Austrian Airlines, Flight Suspension, June
The airline has been grounded since March. Photo: Florian Schmidt via Austrian Airlines

This comes just a day after Lufthansa secured Europe’s biggest bailout yet, being handed a €9bn ($9.8bn) rescue package by Berlin. While Austrian’s bailout is a mere shadow of its parent’s package, it is hoped that further support will be delivered shortly. The airline had applied for €767m ($842m) in state aid in total, but any further assistance is likely to involve state participation in the company.

Agreement with ground staff

In another move forward for the airline, the ground staff of the carrier have voted in a majority of more than 90% to accept a temporary reduction to their salaries of around 15%. This is hoped to save the airline around €300m ($330m) in staff costs between now and 2024.

Of the 3,000 staff who will be affected by the cuts, 2,220 voted in the ballot. Rene Pfister AUA Works Council Chairman told Austrian Aviation that this was a positive step forward, saying,

“This high level of approval shows that the employees are ready to make a substantial contribution in the form of salary waiver and suspension of salary valuation for the future of AUA. They have shown a great sense of responsibility and they deserve a big thank you for that.”

Austrian Airlines Tails
Ground staff have agreed to a substantial wage cut. Photo: Austrian Airlines

Of course, the ground workers are only a fraction of the 7,000 people currently employed by Austrian Airlines. The Kurier suggests that the final bailout for Austrian could be less than requested, floating a figure of €650m ($714m) as a potential bailout amount. However, it depends on negotiations just how much control the Austrian state will require further funding to be awarded.
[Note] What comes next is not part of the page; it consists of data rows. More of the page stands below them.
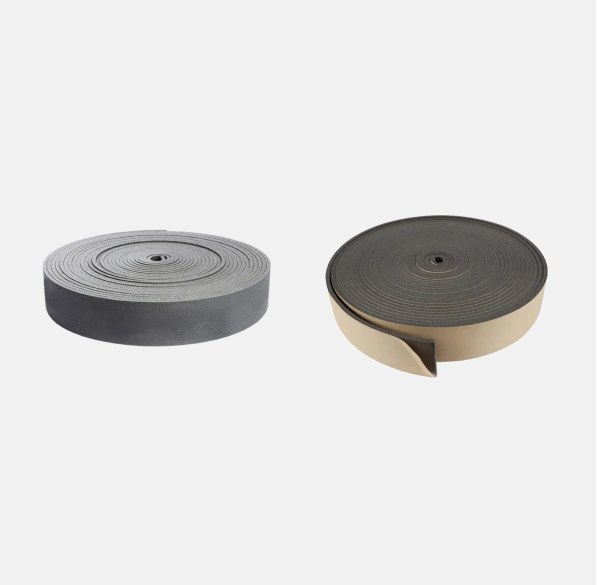 Expansion Foam Joint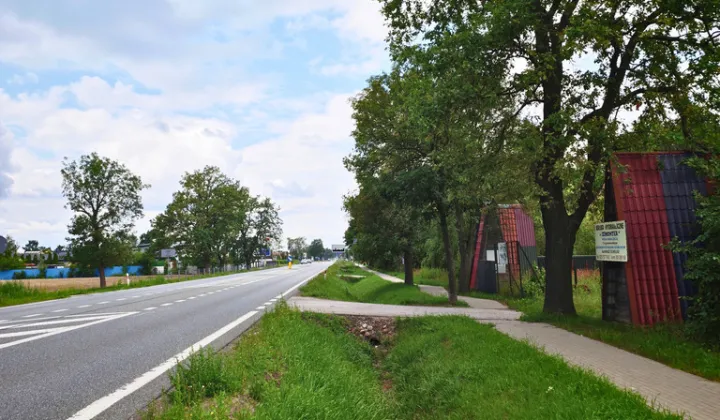 Działka Wielgolas Brzeziński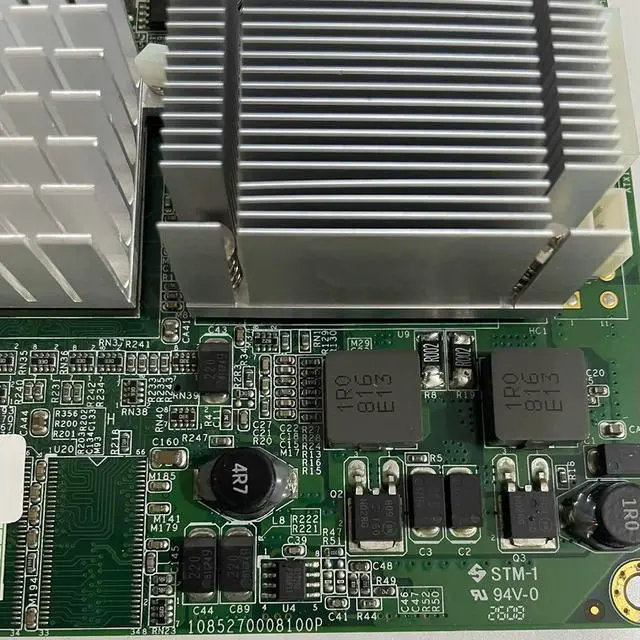 Alt view image 2 of 3 - Stable Performance Industrial Equipment Motherboard Integrated CPU Memory 1085270008100P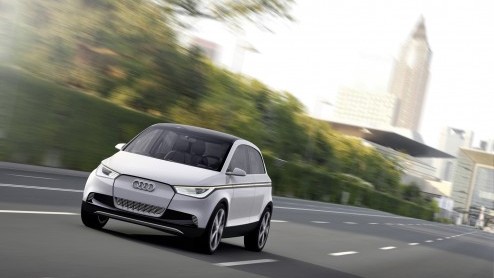 Audi doet opnieuw een boekje open over de nieuwe A2 die op de IAA zal worden gepresenteerd. Dit keer komen we meer over de elektrische aandrijflijn te weten. Bovendien blijkt de vierzitter slechts 115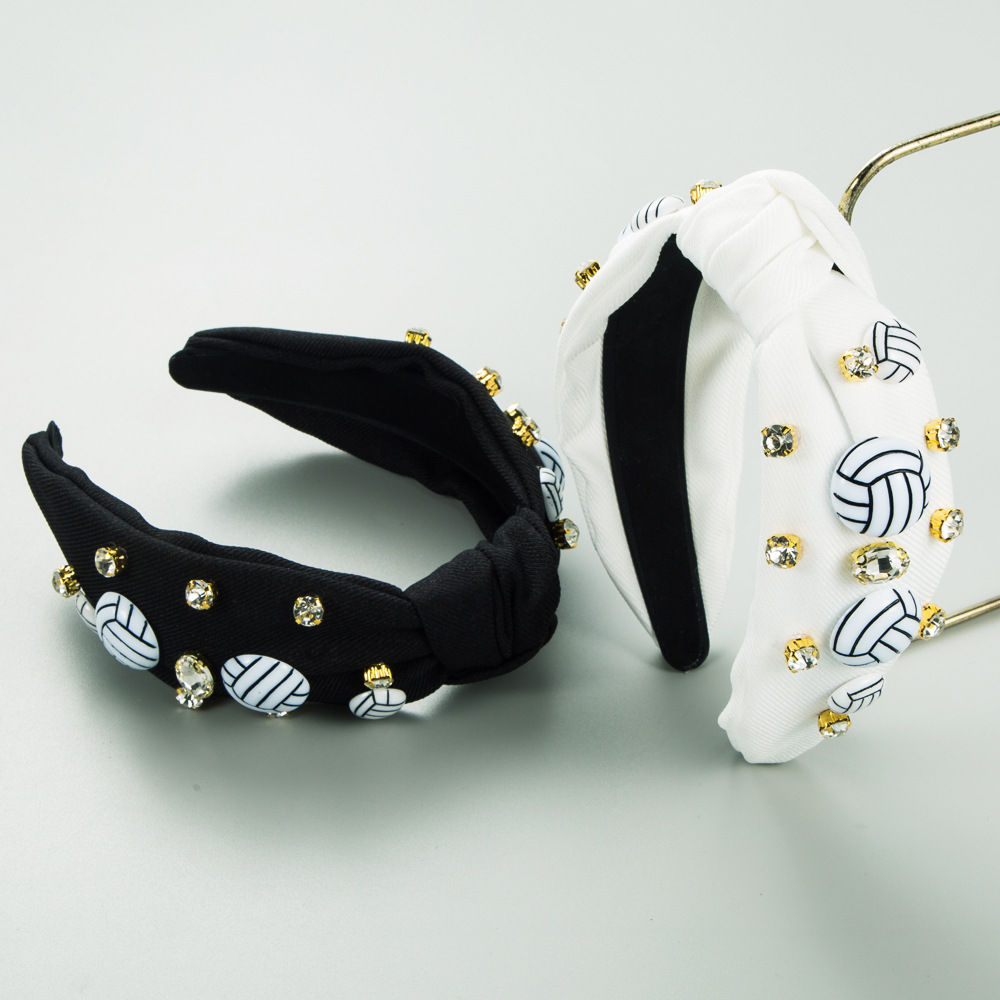 Heming headband fashion sports – обзор и цена Women'S Volleyball Accessories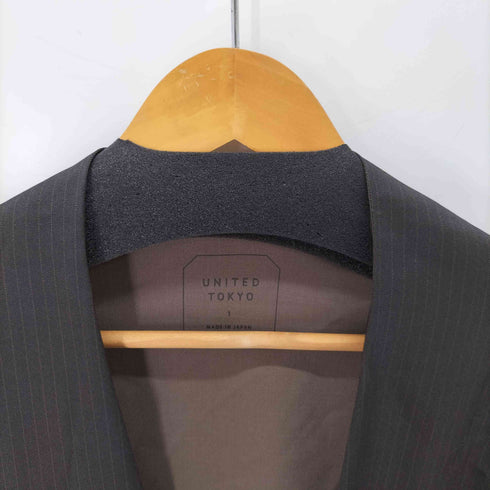 ユナイテッドトウキョウ UNITED TOKYO Dry Air カーディガン メンズ JPN:1
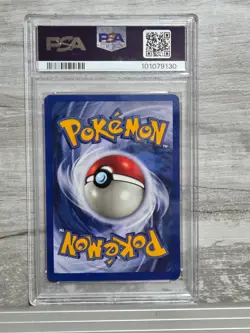 Pokemon 1999 Fossil Hypno Holo 1st Edition #8 PSA 9 - Image 2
Planned return delayed again

While Austrian has been attempting to stay positive about returning to operations, this movable feast seems just to keep moving away. Following the fifth pushback of the date of return to service last week, to the June 7th, the Austrian Airlines website now states that flights are now canceled until June 14th.

Austrian Airlines
Will we see Austrian fly again before July? Photo: Florian Schmidt via Austrian Airlines

While the sixth pushback of service resumption is unsurprising, given the current climate, every day is costing the airline yet more money in lost revenue. Even worse, with tickets on sale for flights that are not going ahead, this has to be adding to the administrative burden that the airline will need to resolve.

With some insiders suggesting it could be July before flights actually take off, you have to wonder if the airline wouldn’t be better off taking a more conservative viewpoint.